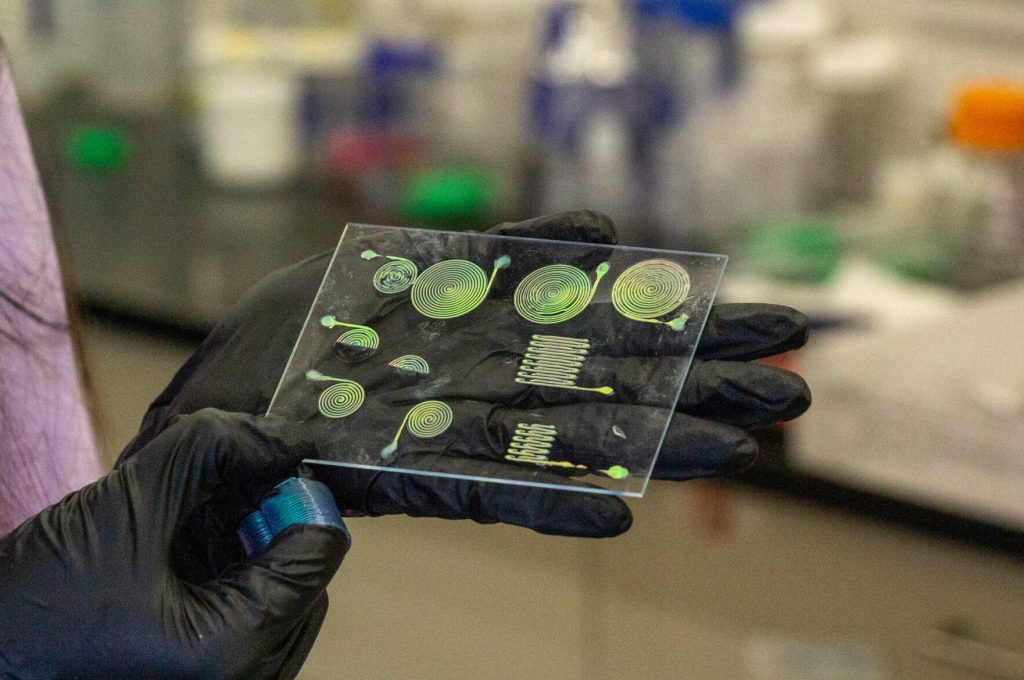 Alicia Ng, Ph.D. student in Materials Science and Engineering (MSE) holds up an array of different structures made with a new, 3D-printed material that changes color when stretched.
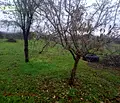 Снимка 2 — Къща в Стара Загора, с. Арнаутито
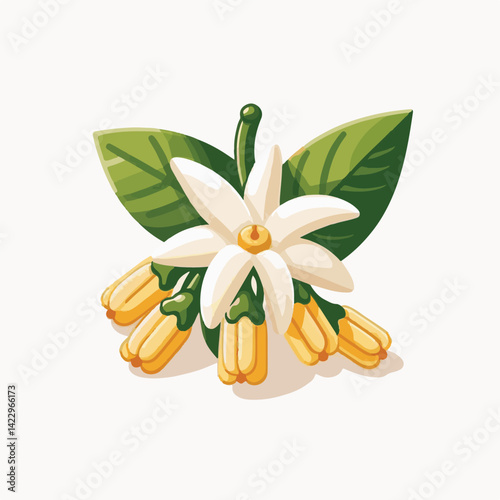 plant, blossom, nature, flora, bloom, aromatherapy, flower, natural, aroma, yellow, leaf, tropical, beauty, cananga, perfume, green, isolated, botanical, background, spa, essential, fragrance, organic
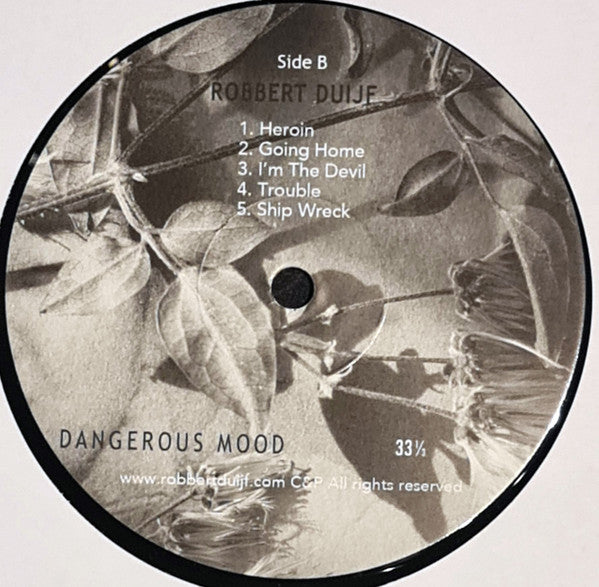 Robbert Duijf -Dangerous Mood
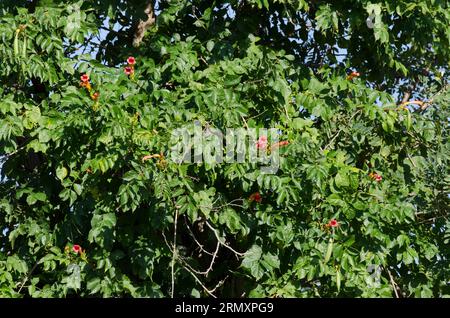 Tromba Creeper, Campsis radicans Foto Stock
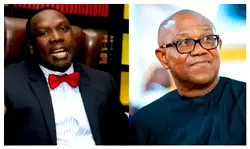 Do you even know the meaning of democracy? — Bwala blasts Peter Obi
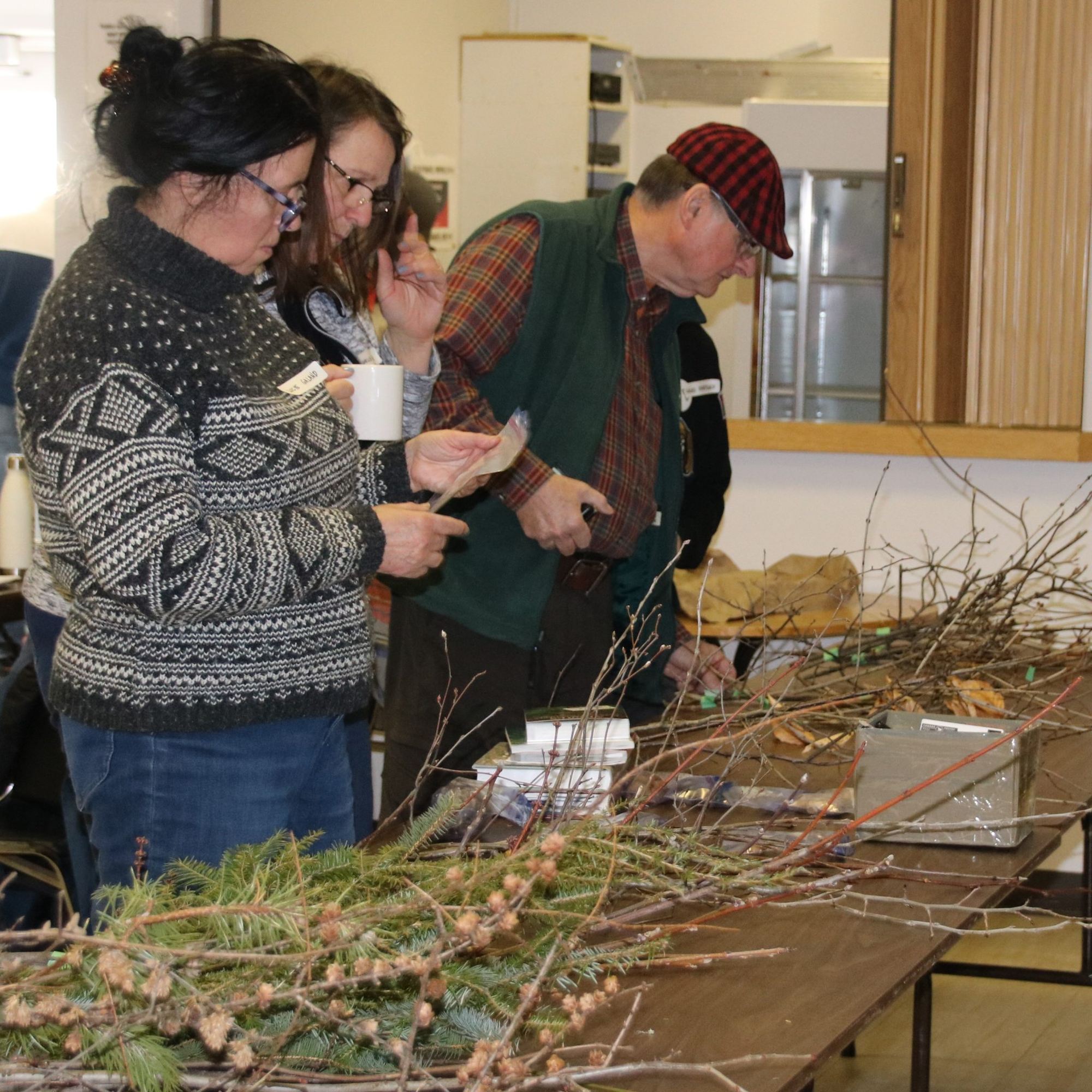 Learning tree identification techniques for winter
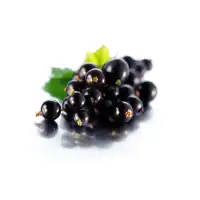 Разсад Касис (Черно Френско Грозде) Ribes nigrum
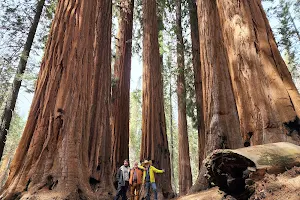 Sequoia Guides image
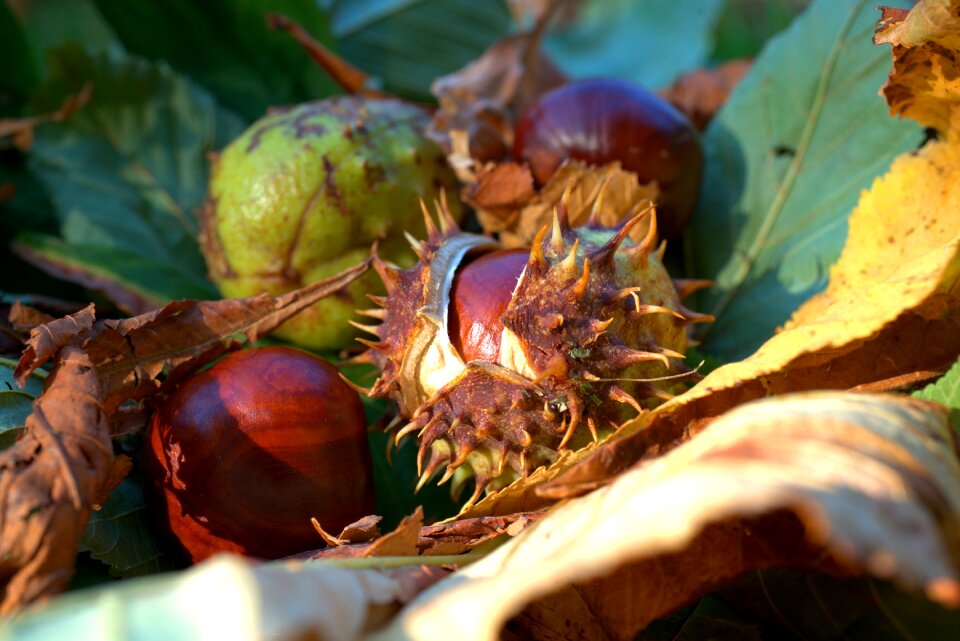 Prickly decoration brown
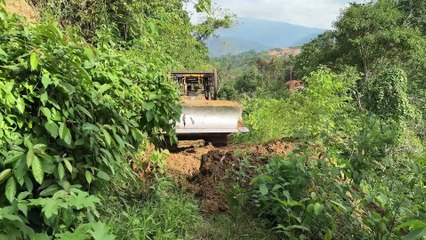 Reviving Old Plantation Road Infrastructure with a D6R XL Bulldozer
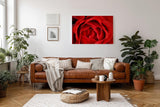 Sinus Art Wandbild 120x80cm Detailreiche Nahaufnahme einer geöffneten roten Rose mit sanft geschwungenen Blütenblättern
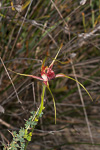 Caladenia georgei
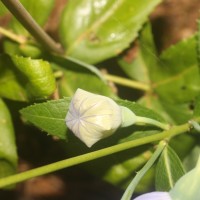 Platycodon grandiflorus (Jacq.) A.DC.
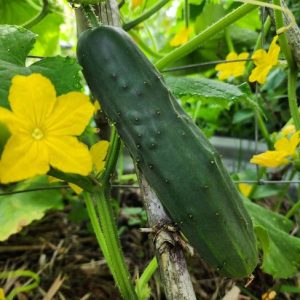 Cucumber Marketmore SEEDS - Cucumis sativus - Heirloom & Untreated #20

# What the task requires
All of the entries need to be copied exactly, minus any pictures.

# Task solution
 Alicia Ng, Ph.D. student in Materials Science and Engineering (MSE) holds up an array of different structures made with a new, 3D-printed material that changes color when stretched.
 Снимка 2 — Къща в Стара Загора, с. Арнаутито
 plant, blossom, nature, flora, bloom, aromatherapy, flower, natural, aroma, yellow, leaf, tropical, beauty, cananga, perfume, green, isolated, botanical, background, spa, essential, fragrance, organic
 Robbert Duijf -Dangerous Mood
 Tromba Creeper, Campsis radicans Foto Stock
 Do you even know the meaning of democracy? — Bwala blasts Peter Obi
 Learning tree identification techniques for winter
 Разсад Касис (Черно Френско Грозде) Ribes nigrum
 Sequoia Guides image
 Prickly decoration brown
 Reviving Old Plantation Road Infrastructure with a D6R XL Bulldozer
 Sinus Art Wandbild 120x80cm Detailreiche Nahaufnahme einer geöffneten roten Rose mit sanft geschwungenen Blütenblättern
 Caladenia georgei
 Platycodon grandiflorus (Jacq.) A.DC.
 Cucumber Marketmore SEEDS - Cucumis sativus - Heirloom & Untreated #20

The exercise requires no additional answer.